In June we saw an update to the NVMe standard. The update defines a software interface to assist in actually reading and writing to the drives in a way to which SSDs and NAND flash actually works.

Instead of emulating the traditional block device model that SSDs inherited from hard drives and earlier storage technologies, the new NVMe Zoned Namespaces optional feature allows SSDs to implement a different storage abstraction over flash memory. This is quite similar to the extensions SAS and SATA have added to accommodate Shingled Magnetic Recording (SMR) hard drives, with a few extras for SSDs. ‘Zoned’ SSDs with this new feature can offer better performance than regular SSDs, with less overprovisioning and less DRAM. The downside is that applications and operating systems have to be updated to support zoned storage, but that work is well underway.

The NVMe Zoned Namespaces (ZNS) specification has been ratified and published as a Technical Proposal. It builds on top of the current NVMe 1.4a specification, in preparation for NVMe 2.0. The upcoming NVMe 2.0 specification will incorporate all the approved Technical Proposals, but also reorganize that same functionality into multiple smaller component documents: a base specification, plus one for each command set (block, zoned, key-value, and potentially more in the future), and separate specifications for each transport protocol (PCIe, RDMA, TCP). The standardization of Zoned Namespaces clears the way for broader commercialization and adoption of this technology, which so far has been held back by vendor-specific zoned storage interfaces and very limited hardware choices.

Zoned Storage: An Overview

The fundamental challenge of using flash memory for a solid state drive is all of our computers are built around the concept of how hard drives work, and flash memory doesn't behave like a hard drive. Flash is organized very differently from a hard drive, and so optimizing our computers for the enhanced performance characteristics of flash memory will make it worth the trouble.

Magnetic platters are a fairly analog storage medium, with no inherent structure to dictate features like sector sizes. The long-lived standard of 512-byte sectors was chosen merely for convenience, and enterprise drives now support 4K byte sectors as we reach drive capacities in the multi-TB range. By contrast, a flash memory chip has several levels of structure baked into the design. The most important numbers are the page size and erase block size. Data can be read with page size granularity (typically on the order of several kB) and an empty page can be written to with a program operation, but erase operations clear an entire multi-MB block. The substantial size mismatch between read/program operations and erase operations is a complication that ordinary mechanical hard drives don't have to deal with. The limited program/erase cycle endurance of flash memory also adds to challenge, as writing fewer times increases the lifespan.

Almost all SSDs today are presented to software as an abstraction of a simple HDD-like block storage device with 512-byte or 4kB sectors. This hides all the complexities of SSDs that we’ve gone into detail over the years, such as page and erase block sizes, wear leveling and garbage collection. This abstraction is also part of why SSD controllers and firmware are so much bigger and more complicated (and more bug-prone) than hard drive controllers. For most purposes, the block device abstraction is still the right compromise, because it allows unmodified software to enjoy most of the performance benefits of flash memory, and the downsides like write amplification are manageable.

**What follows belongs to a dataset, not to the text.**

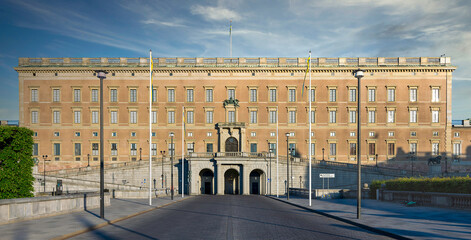 Facade of The Royal Palace of Stockholm, Swedish: Stockholms Slott or Kungliga Slottet, King's...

For years, the storage industry has been exploring alternatives to the block storage abstraction. There have been several proposals for Open Channel SSDs, which expose many of the gory details of flash memory directly to the host system, moving many of the responsibilities of SSD firmware over to software running on the host CPU. The various open channel SSD standards that have been promoted have struck different balances along the spectrum, between a typical SSD with a fully drive-managed flash translation layer (FTL) to a fully software-managed solution. The industry consensus was that some of the earliest standards, like the LightNVM 1.x specification, exposed too many details, requiring software to handle some differences between different vendors' flash memory, or between SLC, MLC, TLC, etc. Newer standards have sought to find a better balance and a level of abstraction that will allow for easier mass adoption while still allowing software to bypass the inefficiencies of a typical SSD.

Tackling the problem from the other direction, the NVMe standard has been gaining features that allow drives to share more information with the host about optimal patterns for data access and layout. For the most part, these are hints and optional features that software can take advantage of. This works because software that isn't aware of these features will still function as usual. Directives and Streams, NVM Sets, Predictable Latency Mode, and various alignment and granularity hints have all been added over the past few revisions of the NVMe specification to make it possible for software and SSDs to better cooperate.

Lately, a third approach has been gaining momentum, influenced by the hard drive market. Shingled Magnetic Recording (SMR) is a technique for increasing storage density by partially overlapping tracks on hard drive platters. The downside of this approach is that it's no longer possible to directly modify arbitrary bytes of data without corrupting adjacent overlapping tracks, so SMR hard drives group tracks into zones and only allow sequential writes within a zone. This has severe performance implications for workloads that include random writes, which is part of why drive-managed SMR hard drives have seen a mixed reception at best in the marketplace. However, in the server storage market, host-managed SMR is also a viable option: it requires the OS, filesystem and potentially the application software to be directly aware of zones, but making the necessary software changes is not an insurmountable challenge when working with a controlled environment.

The zoned storage model used for SMR hard drives turns out to also be a good fit for use with flash, and is a precursor to NVMe Zoned Namespaces. The zone-like structure of SMR hard drives mirrors the page and erase block structure of an SSD. The restrictions on writes aren't an exact match, but it comes close enough.

In this article, we’ll cover what NVMe Zoned Namespaces are, and why this is an important thing.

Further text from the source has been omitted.